| WHAT TO DO |
Every line below must be copied as written, except for pictures.
(DATA PROVIDED)
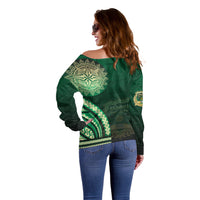 Saineha High School Off Shoulder Sweater Ngatu and Polynesian Pattern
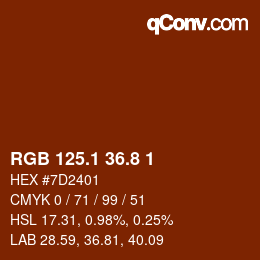 カラーコード: RGB 125.1 36.8 1 | qconv.com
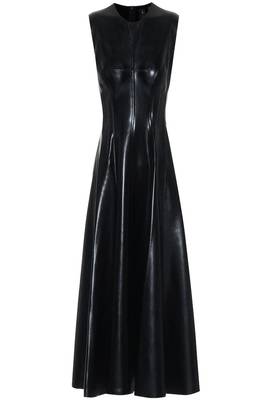 women's lambskin leather dress sleeveless cut refined 1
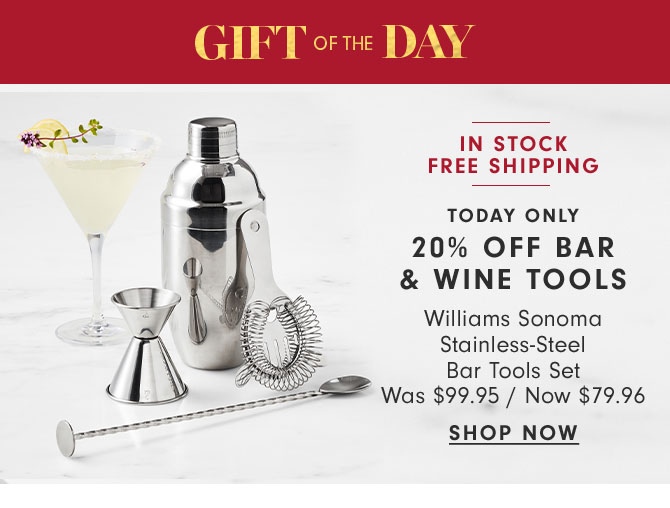 GIFT OF THE DAY - TODAY ONLY 20% OFF BAR & WINE TOOLS - Williams Sonoma Stainless-Steel Bar Tools Set Now $79.96 - SHOP NOW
(End DATA PROVIDED)
| SOLUTION FOR THIS EXERCISE |
 Saineha High School Off Shoulder Sweater Ngatu and Polynesian Pattern
 カラーコード: RGB 125.1 36.8 1 | qconv.com
 women's lambskin leather dress sleeveless cut refined 1
 GIFT OF THE DAY - TODAY ONLY 20% OFF BAR & WINE TOOLS - Williams Sonoma Stainless-Steel Bar Tools Set Now $79.96 - SHOP NOW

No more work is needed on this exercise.